Bottom line: The portable PC gaming market is thriving, but that's not really saying much considering there are only a handful of viable options to choose from at retail. That's never stopped the modding community, however, as evident by this recent project from Pitstoptech.

The YouTuber has put together a fully upgradeable handheld gaming PC centered around a mainboard from Framework, the laptop maker known for its staunch support of the right to repair movement. The board in question is the Intel Core i7-1260P, and it is paired with 16 GB of RAM, a 512 GB SSD, a 7-inch FHD (1,920 x 1,080 resolution) touchscreen display, and a 55Wh battery.

Other amenities include a full-featured USB-C port, a 3.5 mm headphone jack, high-speed WiFi and Bluetooth, and front-facing stereo speakers.

Details are a bit light but based on the two-minute YouTube teaser, it looks as if the system was installed in a custom 3D printed chassis.

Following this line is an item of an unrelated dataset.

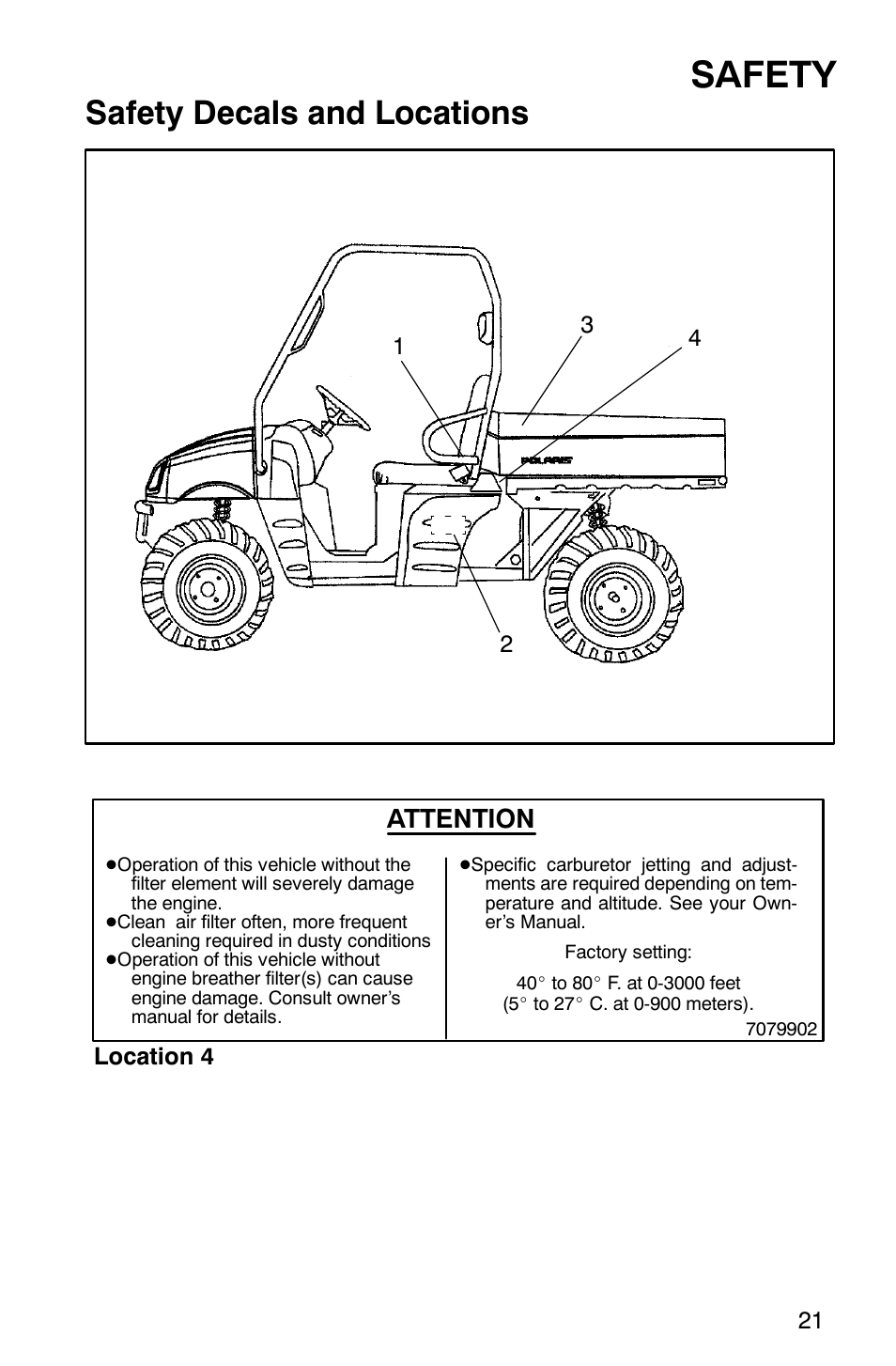 Safety, Safety decals and locations, Attention | Polaris Series 11 Ranger User Manual | Page 23 / 106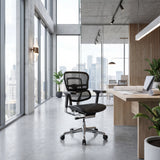 Luxe directiestoel ERGOHUMAN BASE GEN2 met zwart netweefsel in een kantoor van hjh OFFICE (AI-gegenereerde afbeelding)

Joy-Con style controllers can slide and lock into place on either side of the handheld, and you can also output video to a larger screen where using a traditional gamepad might prove more comfortable.

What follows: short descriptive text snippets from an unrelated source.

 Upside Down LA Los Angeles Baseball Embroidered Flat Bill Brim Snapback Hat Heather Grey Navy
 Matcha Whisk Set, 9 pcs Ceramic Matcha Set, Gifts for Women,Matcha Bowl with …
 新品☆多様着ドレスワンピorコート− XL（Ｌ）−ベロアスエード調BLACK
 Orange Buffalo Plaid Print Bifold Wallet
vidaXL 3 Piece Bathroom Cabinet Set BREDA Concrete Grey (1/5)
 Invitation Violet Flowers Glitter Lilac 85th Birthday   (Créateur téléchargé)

Benchmarks and frame rates are not highlighted, but the handful of games shown off in the teaser all appear to run smoothly.

So, should you build your own or go for an off-the-shelf option? Right now, the latter might be more attractive based on pricing alone.

The Intel Core i7-1260P board currently retails for $549 on its own, which is in the same ballpark as a top-tier Steam Deck (the Steam Deck is currently on offer with a 20 percent discount, bringing it down to $519.20 for a limited time, but normally goes for $549).

The YouTuber will soon be selling a DIY kit for those interested in building their own handheld, and also mentioned the possibility of upgrading to a Ryzen 7840U mainboard and a 61Wh battery for even more performance.

Between the Steam Deck, Lenovo's Legion Go, the Asus ROG Ally, the Nintendo Switch, and a couple others, the handheld gaming market is stronger than ever.